Winter According to The Ancients
“The three months of winter are the period in which everything is closed and stored. Water freezes and the earth cracks, so that Yang remains dormant not to be disturbed. It is desirable to sleep early and get up late, to await the arrival of sunlight, so that the will remains dormant as if hiding or pretending, not unlike someone with private intentions, not unlike someone with all his desires already fulfilled. In, winter, one should avoid cold and remain warm and refrain from perspiring so that Yang energy will not be frequently attacked by cold energy.
This is the way of nourishing life in response to the energy of winter. To act to the contrary will cause injuries to the kidneys and one will suffer weakened limbs in spring, because he is bound to be short of energy to cope with the spring. To live against the trends of winter energy will lead to an inability of little Yin to store which brings about a descending of kidneys energy.”
~ 黃帝內經Huangdi Neijing Su Wen
In Traditional Chinese Medicine, winter continues the phase of Yin energy as it builds to its climax. It corresponds with the Water element which represents the kidneys, the bladder, and adrenal glands.

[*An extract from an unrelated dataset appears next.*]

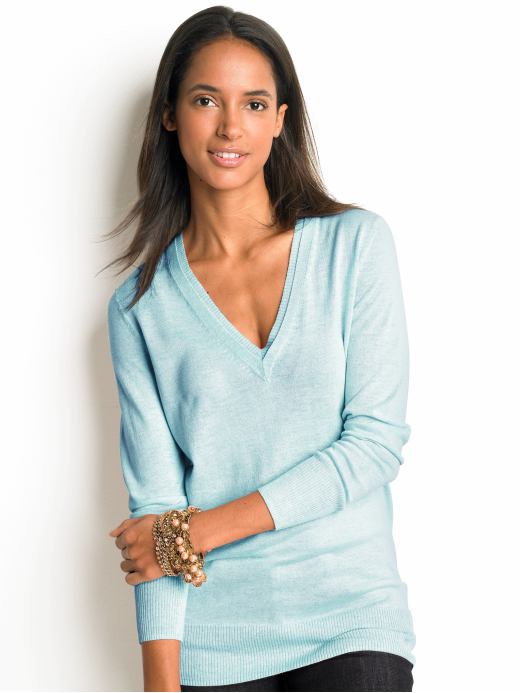 Banana Republic Tall silk-blend double-trim sweater - women's tall clothing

It is also a time for introspection. Reduce physical activities to preserve the Qi (energy) required to repair and rejuvenate during this hibernation period of securing and storing.

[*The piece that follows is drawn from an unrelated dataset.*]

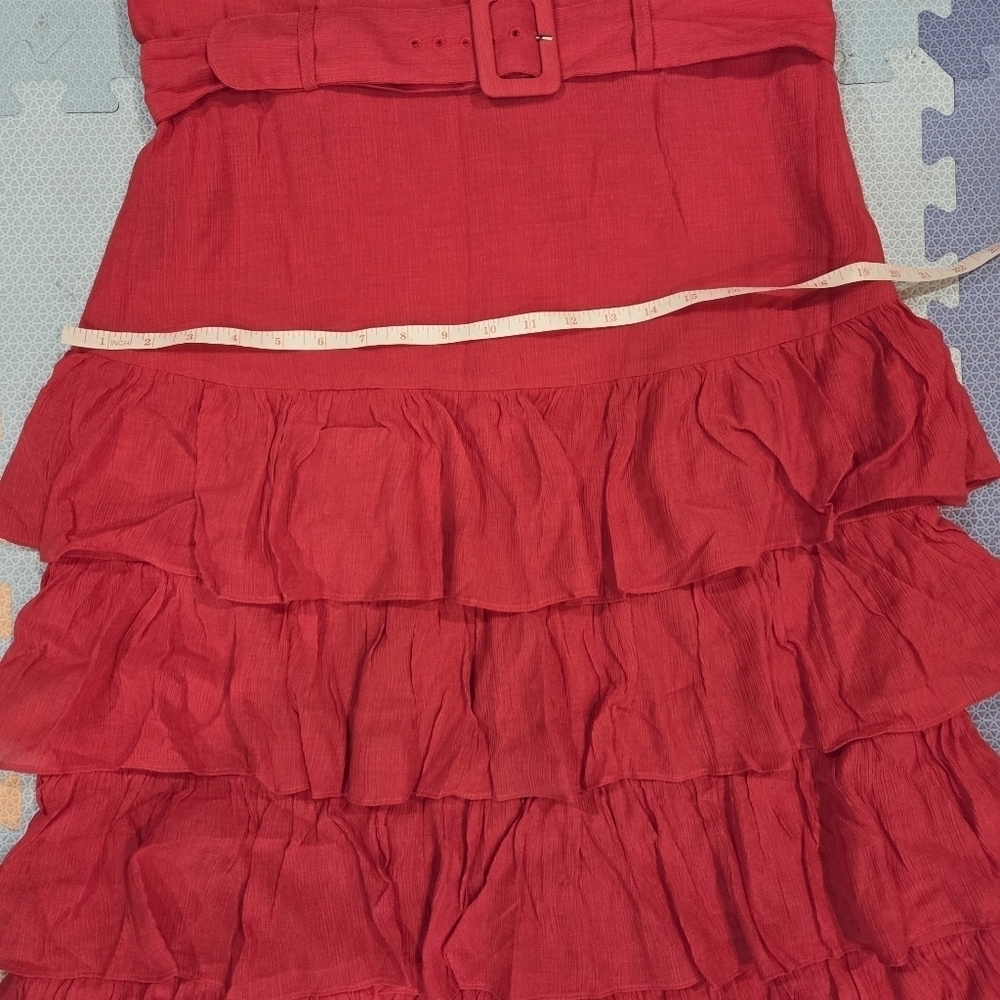 Women's Strapless Tiered Ruffled Midi Dress Boho-Luxury Spanish Romanticism XL - Picture 4 of 7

This is the time to stay still, calm, be at peace and at rest.
The Water element is associated with the ear and bones, the emotion fear, the color blue, and the sound of crying. Likewise, the climate is cold and the taste is salty.
Kidney Qi Deficiency
One of the common symptoms associated with this season is Kidney Qi deficiency which is usually expressed by lack of energy, fatigue, pale face, impotence and infertility.
The 黃帝內經Huangdi Neijing Su Wen, Yellow Emperor’s Inner Classic connects the natural progression of human life (growth, development, reproduction and aging) and changes in bone conditions, controlled by the Kidney Essence. Therefore, it is important to nurture your kidney energy so that the bones are nourished during this time of year.
Focusing on storing pure energy and making sure the cold does not enter and reside in your body will help prevent disease in spring. Avoid excessive fear and resistance to change.
“This is the way of nourishing life in response to the energy of winter. To act to the contrary will cause injuries to the kidneys and one will suffer weakened limbs in spring, because he is bound to be short of energy to cope with the spring.”
~黃帝內經Huangdi Neijing Su Wen
The following tips will assist you with maintaining your well-being during winter months and preparing for spring:
- Expose your body to the right type of sunlight at the appropriate time of day for just 10-15 minutes a day. (see our article on Your Body’s Dance with the Sun)
- Spend 10-15 minutes per day outside absorbing fresh oxygen.
- Drink Water!
- Daoyin and the Way of Softness & Harmonizing Your Training – Such breathing methods require a minimal amount of movement to achieve maximum results leading to internal peace and a calm emotional state.
Yíngyǎng (营养) Nutritional Corner – Ancient Chinese Winter
It is recommended in Traditional Chinese Medicine to eat warming foods and cooked foods during the Winter months. Avoid raw and cold foods as well as foods and spices that generate extensive heat.
ALL Body Types may try fruits such as Chia, Flax, Hemp, and Sesame Seeds.
If you are a Yang Body Type, consider adding more of the following fruits to your diet:
- Brazil Nuts
- Macadamia Nut
- Pili Nut
- Pine Nuts
- Sunflower Seeds
If you are a Yin Body Type, consider adding more of the following fruits to your diet:
- Pumpkin Seeds
- Soy Nuts
- Squash Seeds
- Tiger Nuts
- Watermelon Seeds
A Note From Jiao Shi
As we transition into the 6 terms of Winter, it is important to protect yourself from the wind and to keep your body warm. It is also a time for introspection, meditation, writing, and inward practices that connect us to our true selves.
Be calm, peaceful, and be sure to take some quiet time to yourself.
May you enjoy the Winter Season and stay warm!